Hubieras seguido de largo, piensas ahora, ahora que lo sientes navegando en tu torrente sanguíneo en pos de los territorios ignotos de tu cuerpo para seguir burlando tus defensas, para seguir destruyendo tu sistema inmunológico.
–Son cuarto para las once.
Te dio las gracias con una amplia sonrisa entre coqueta e infantil. Tenía el rostro bien blanco, pálido, a pesar del maquillaje.

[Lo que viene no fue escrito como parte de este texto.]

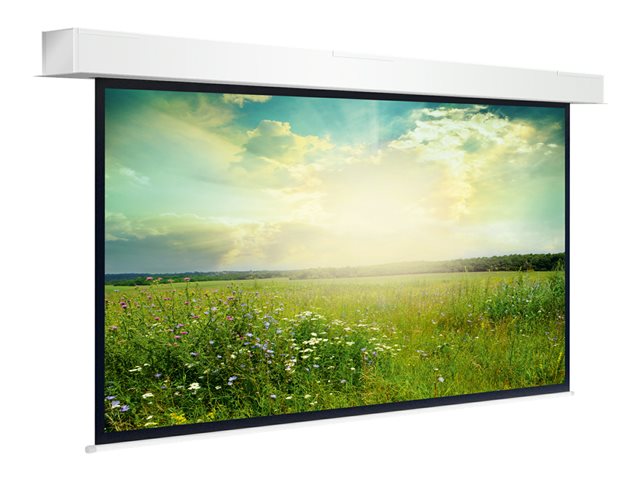 Projecta Descender Large Electrol WIDE Format - Projection screen - in-ceiling mountable - motorised - 228\" (578 cm) - 16:10 - Matte White - RAL 9016, traffic white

–Ideal la noche para caminar, ¿no?
–Mmm.
Era bonita. Tenía los cabellos negrísimos, lacios, largos hasta la altura de la cintura. Era delgada, bien delgada. Parecía frágil, una copa de cristal a punto de hacerse trizas. Vestía de negro de los pies a la cabeza. La Viuda Negra.
–¿Puedo acompañarte?
–¿No esperas a nadie?
Negó con un movimiento de cabeza.
–¿O prefieres ir de excursión solo?
–Acompáñame, si gustas.
Tengo suerte, pensaste. No todas las noches uno encuentra en su camino una chica bonita que se te ofrece en bandeja: ¿puedo acompañarte? Y todavía te reta: ¿o prefieres ir de excursión solo?
Empezaron a caminar a lo largo de los Eucaliptos.
Sacó una cajetilla de cigarros de su escote, se llevó uno a los labios y lo prendió con un encendedor que sacó del mismo lugar.
–¿Fumas? –te ofreció un cigarrillo.
–No, gracias. Fumar causa cáncer a los pulmones.
Soltó una sonora carcajada.
–Creyendo tonterías. Mi abuelita Rosa y mi tío Luis Miguel fuman como chimeneas y están más vivos que nunca.
–Hasta que se mueran.
–De algo tenemos que morir, ¿no?
–Parece que tú no le tienes miedo a la muerte.
–¿Por qué voy a tenerlo si todos tenemos que morir algún día?
–Lo sé, pero hay tantas cosas que hacer en la vida que me gustaría vivir por lo menos doscientos años.
Rió. Sus tacos resonaban en la vereda.
–¿Hace cuánto que no te cortas los cabellos?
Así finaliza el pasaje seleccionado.